投資信託は、個人投資家の方に一番なじみのあるファンドの法形式ではないでしょうか。
「投資信託及び投資法人に関する法律」に基づいて組成ないし設立されるもので、投資信託と投資法人という2つの制度が規定されています。
この投資信託は、契約型投資信託とも呼ばれ、国内証券会社等で個人投資家向けに販売しているような国内株式に投資するファンドが典型例であり、投資法人は、会社型投資信託とも呼ばれ、個人投資家に公募販売している不動産投資法人(J-REIT)が典型例です。
以下では、投資信託及び投資法人の概要について説明します。

2.法形式及び当事者

(1)投資信託

投資信託では、運用会社などが委託者となって投資家から預かった資金を受託者となる信託銀行との間の投資信託契約に基づいて信託し、当該資金は運用会社の指図により運用されます。
投資家は、当該投資信託契約における受益者となり、運用利益を受け取ることができます。

以上は、投資信託の中でも「委託者指図型投資信託」と呼ばれるものです。
他方、投資家が委託者(兼受益者)となって信託会社等と直接信託契約を締結し、信託会社等が投資家の指図に基づかずに信託財産を運用する「委託者非指図型投資信託」もあります。

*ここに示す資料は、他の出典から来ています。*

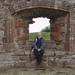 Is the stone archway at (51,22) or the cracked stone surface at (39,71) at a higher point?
the stone archway at (51,22)

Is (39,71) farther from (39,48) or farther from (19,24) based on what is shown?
(19,24)

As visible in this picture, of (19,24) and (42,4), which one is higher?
(42,4)

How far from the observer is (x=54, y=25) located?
22.1ft

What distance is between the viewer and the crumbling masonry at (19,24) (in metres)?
6.27

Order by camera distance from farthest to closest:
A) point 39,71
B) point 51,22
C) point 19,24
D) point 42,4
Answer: point 51,22 → point 19,24 → point 42,4 → point 39,71

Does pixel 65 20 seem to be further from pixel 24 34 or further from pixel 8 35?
pixel 8 35

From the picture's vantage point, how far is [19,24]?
661cm

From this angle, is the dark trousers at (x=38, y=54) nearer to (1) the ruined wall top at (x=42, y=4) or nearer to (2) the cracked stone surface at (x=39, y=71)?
(2) the cracked stone surface at (x=39, y=71)

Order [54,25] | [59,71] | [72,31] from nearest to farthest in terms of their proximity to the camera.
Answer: [59,71]
[72,31]
[54,25]

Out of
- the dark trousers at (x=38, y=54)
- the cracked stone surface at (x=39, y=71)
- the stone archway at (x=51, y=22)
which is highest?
the stone archway at (x=51, y=22)

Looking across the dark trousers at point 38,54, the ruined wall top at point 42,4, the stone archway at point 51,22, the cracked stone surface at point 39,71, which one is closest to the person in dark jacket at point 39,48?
the dark trousers at point 38,54

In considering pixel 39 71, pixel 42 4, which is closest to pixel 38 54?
pixel 39 71

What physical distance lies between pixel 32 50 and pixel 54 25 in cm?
109

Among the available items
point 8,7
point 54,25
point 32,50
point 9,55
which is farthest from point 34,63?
point 8,7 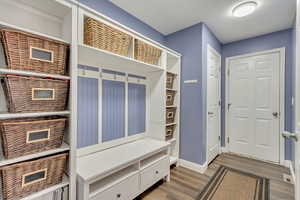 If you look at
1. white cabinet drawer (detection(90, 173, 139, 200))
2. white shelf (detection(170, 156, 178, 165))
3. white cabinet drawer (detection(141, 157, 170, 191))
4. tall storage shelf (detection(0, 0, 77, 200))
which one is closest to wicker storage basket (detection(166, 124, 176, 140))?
white shelf (detection(170, 156, 178, 165))

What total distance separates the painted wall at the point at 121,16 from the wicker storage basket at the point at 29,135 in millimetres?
1443

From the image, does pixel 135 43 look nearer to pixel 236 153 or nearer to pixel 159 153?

なお、委託者非指図型投資信託では、主として有価証券への投資を目的とすることが認められていません(「主として」とは、投資信託財産総額の2分の1超をある特定の種類の資産に投資することを指します。)。
以下、特段断らない限り「投資信託」は委託者指図型投資信託を指すものとします。

(2)投資法人

投資法人は、運用会社などによって設立される法人です。
投資家は当該法人の投資口(株式会社における株式に相当)を取得することで投資法人に出資します。
投資法人自体が資金の運用を行うことは認められないため、運用は外部の資産運用会社に委託して行います。
投資家(投資主)は、投資口に対する金銭の分配により、運用利益を受け取ることができます。

2.届出・登録等

投資信託においては、委託者となる運用会社において、投資信託契約に係る投資信託約款の内容をあらかじめ届け出なければなりません。
投資信託約款に必ず記載されなければならない事項は法定されています。
投資法人の場合、設立の登記が必要であるほか、規約(会社における定款に相当)等を届け出る必要があります。
また、資産運用に係る行為を行うためには内閣総理大臣の登録を受けなければなりません。

3.投資対象

前述のとおり、投資信託における投資対象としては主に株式や債券、投資法人の投資対象としては不動産が代表的なものとして思い浮かびます。
法律上は、投資信託・投資法人とも、資産を主として特定資産に対する投資として運用することを目的としなければならないとされており、両者に差異はありません。

複数の資産を投資対象とすることも可能です。
「特定資産」には、有価証券や不動産のほか、不動産の賃借権や地上権、デリバティブ取引に係る権利、商品先物取引法上の商品や商品投資取引に係る権利などが含まれます。
取引の対象として、FXは含まれますが、暗号資産は除外されています。
つまり、信託財産を主として暗号資産に投資することは認められません。
法律上は、「主として」に該当しない限りは、投資対象に制限はありません。

しかし、金融庁の監督指針において、実質的に特定資産でない資産への投資が目的となっている投資信託、本来の投資目的である特定資産のリスクに比べて価格変動や流動性等のリスクが高い資産に投資するような投資信託は適切でないとされており、投資信託・投資法人が暗号資産への投資を行うことは事実上困難となっています。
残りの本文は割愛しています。